Hunseby Church is located in the village of Hunseby some 3 km north of Maribo on the Danish island of Lolland. Built in the middle of the 12th century, the church has a Romanesque chancel and nave and a Gothic tower.

==History==
The church was originally dedicated to St Andrew as can be seen from the inscription on the oldest bell from 1465. From Romanesque inscriptions in the stonework supporting an old portal, it appears the church must have existed in the middle of the 12th century. Little is known of its early ownership apart from the fact that the Crown had appointment rights shortly before the Reformation. It remained the property of the Crown until 1565 when it was transferred to Axel Urne til Aarsmarke. One of the later owners was Eggert Christopher Knuth who was married to Sister Lerche.

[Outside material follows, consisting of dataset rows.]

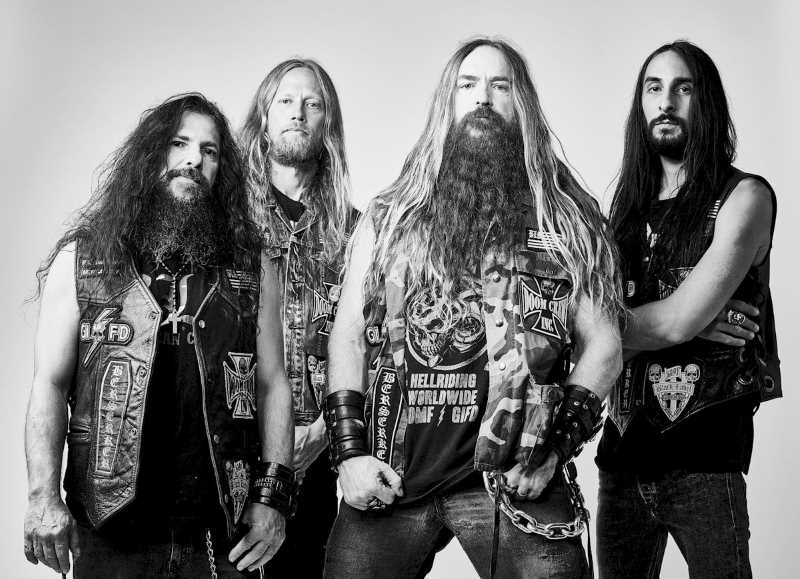 Estreno de «Lord Humungus», nuevo single de Black Label Society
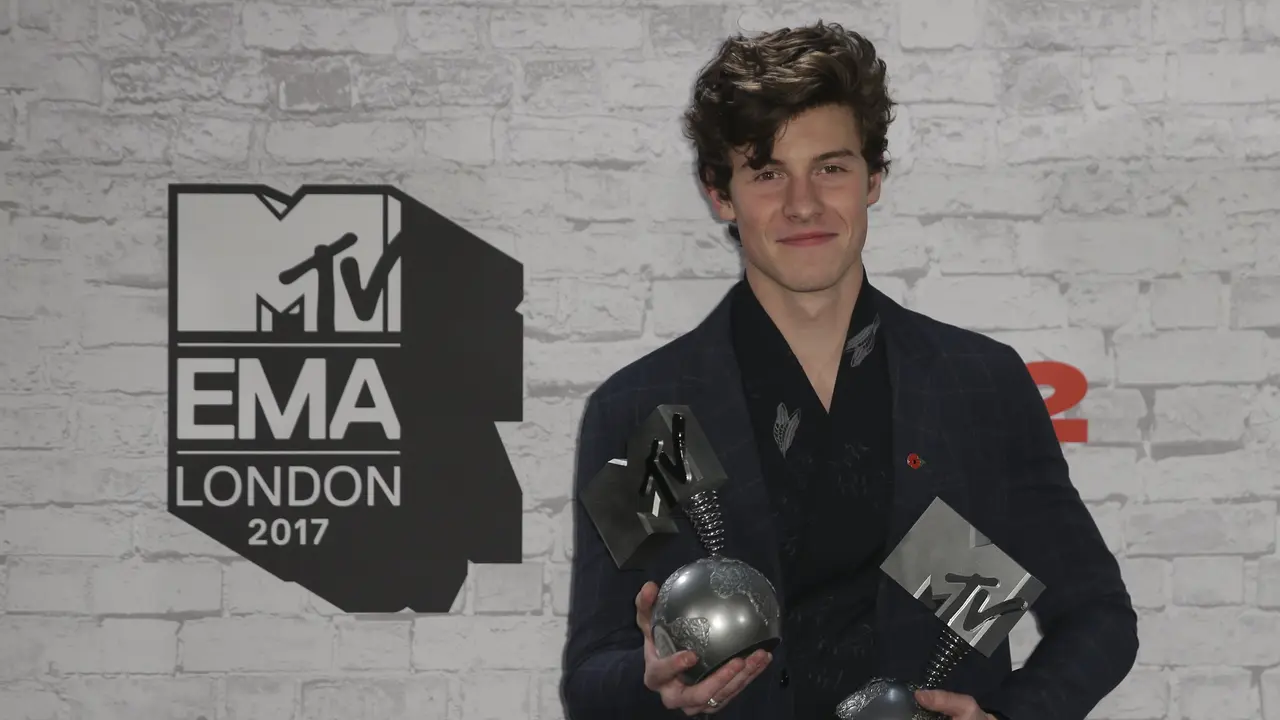 [Bintang] Shawn Mendes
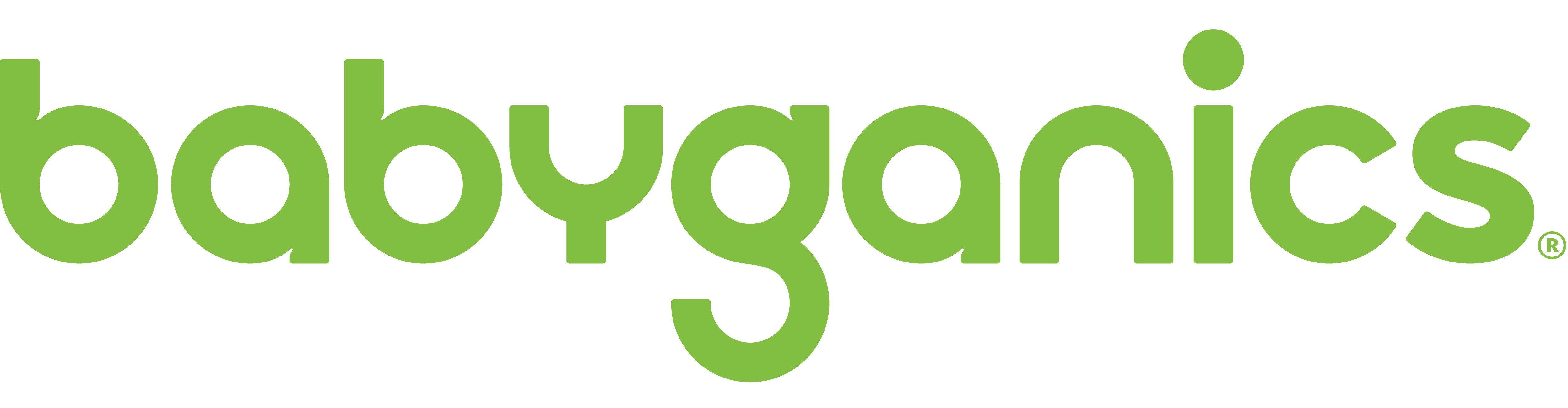 Babyganics Logo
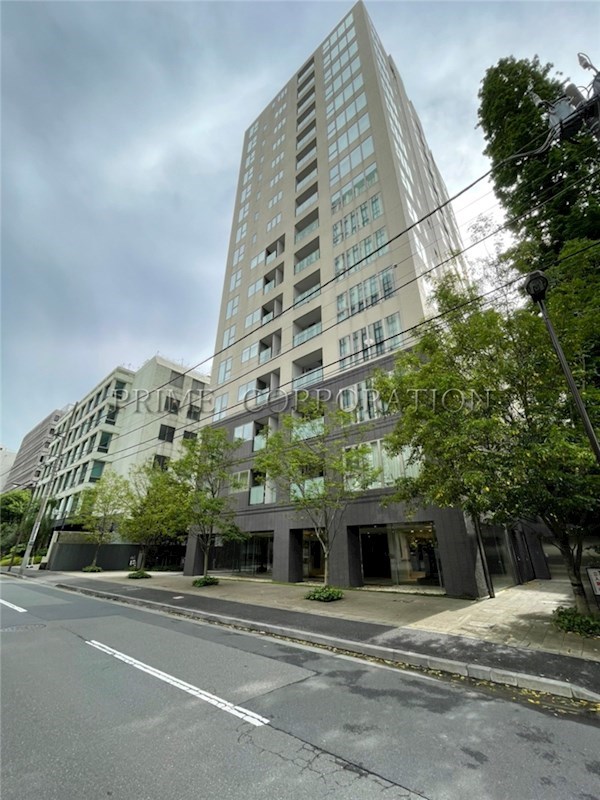 ザ・レジデンス平河町 外観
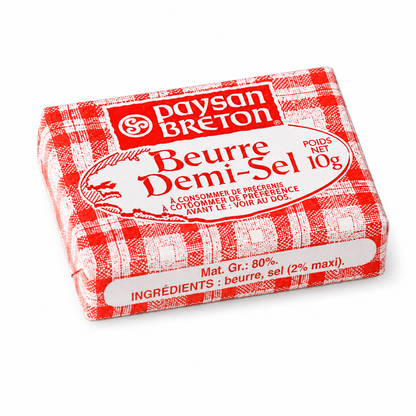 100 Petit Beurres 10g Paysan Breton Sache Blister Com Sal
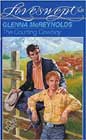 The Courting Cowboy by Glenna McReynolds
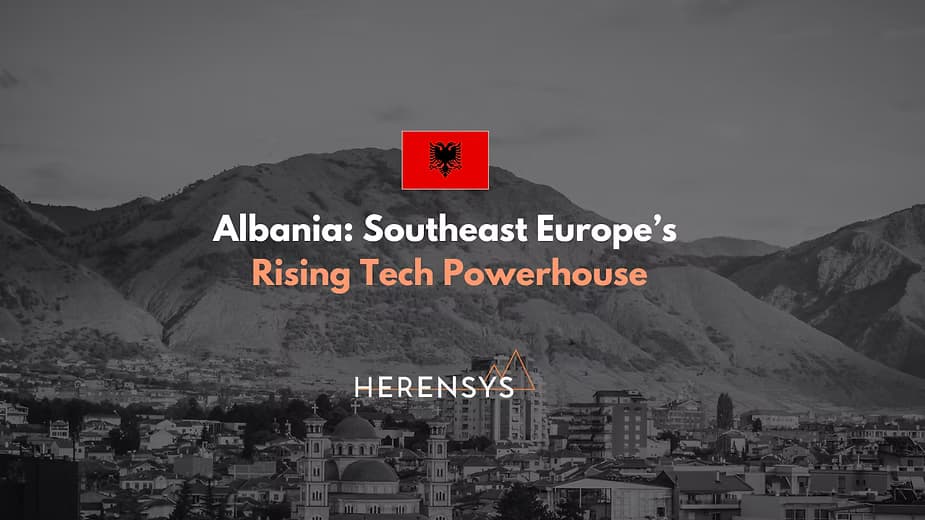 Albania: Southeast Europe’s Rising Tech Powerhouse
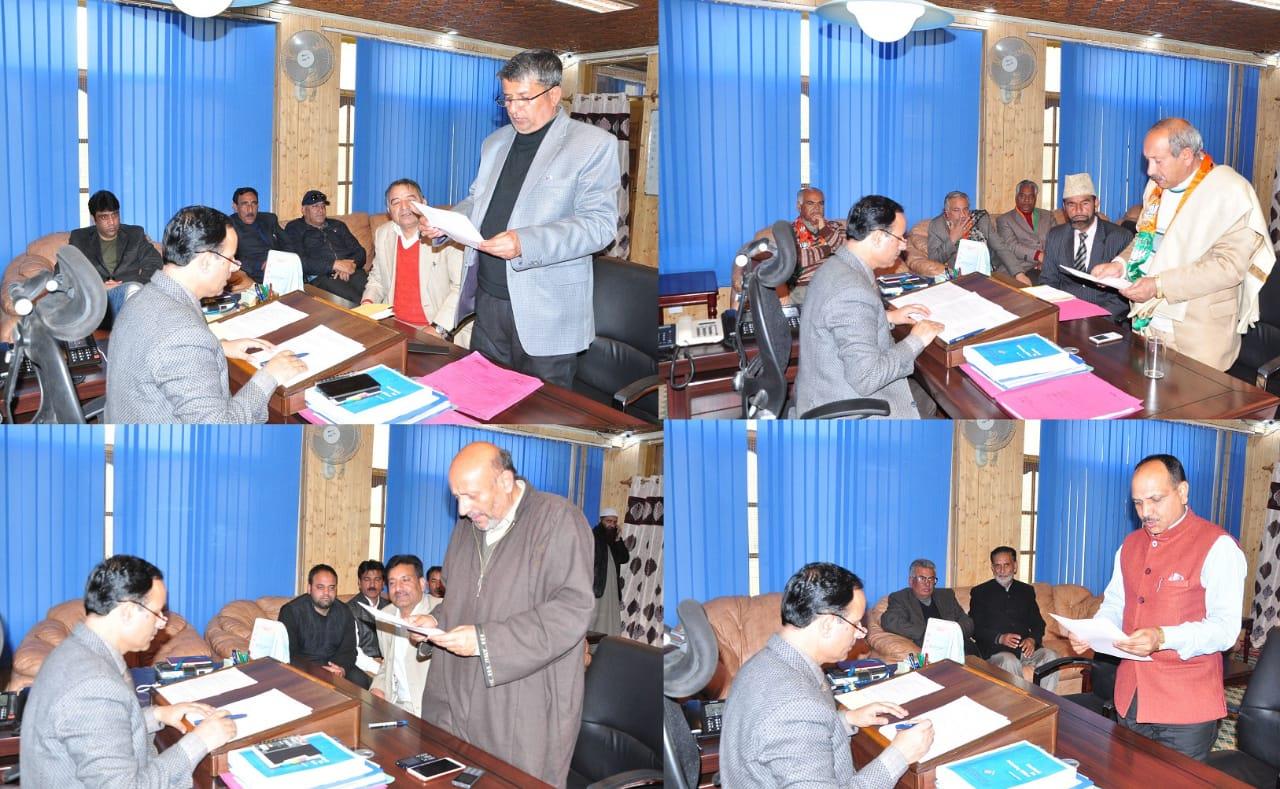 Baramulla Parliamentary constituency: 10 nominations filed on last date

It came under the authority of Knuthenborg when the county was established by Sister Lerche in 1714. In April 1964, it gained its independence.

==Architecture==
Built of fine granite stonework, the Romanesque church is unusually large. The outer walls are plastered and whitewashed while the roof is of red tile. The chancel has retained its Romanesque windows. Compared to the chancel, the nave is higher and wider. A sculpted head on the south wall is said to be King Huns's head, in line with the legend behind the name of the village. The Gothic tower is in red brick with some granite stonework and stepped gables. The Knuthenborg burial chapel was added on the south side of the church in 1851 and completely rebuilt in 1880.

==Interior==
The round chancel arch has rope-shaped corbels while the chancel ceiling was vaulted in the Gothic period. The Auricular Baroque altarpiece is from c. 1700 with a painting of the Last Supper and the arms of Eggert Christopher Knuth and Sister Lerche. The pulpit, in the High Renaissance style, is from 1617 and bears the arms of Knud Urne and Merete Grubbe. In the burial chapel, there is an epitaph for Eggert Christopher Knuth (died 1697) and Sister Lerche (died 1723).

==Churchyard==
Notable burials at the churchyard include Adam Wilhelm Knuth and Helle Stangerup.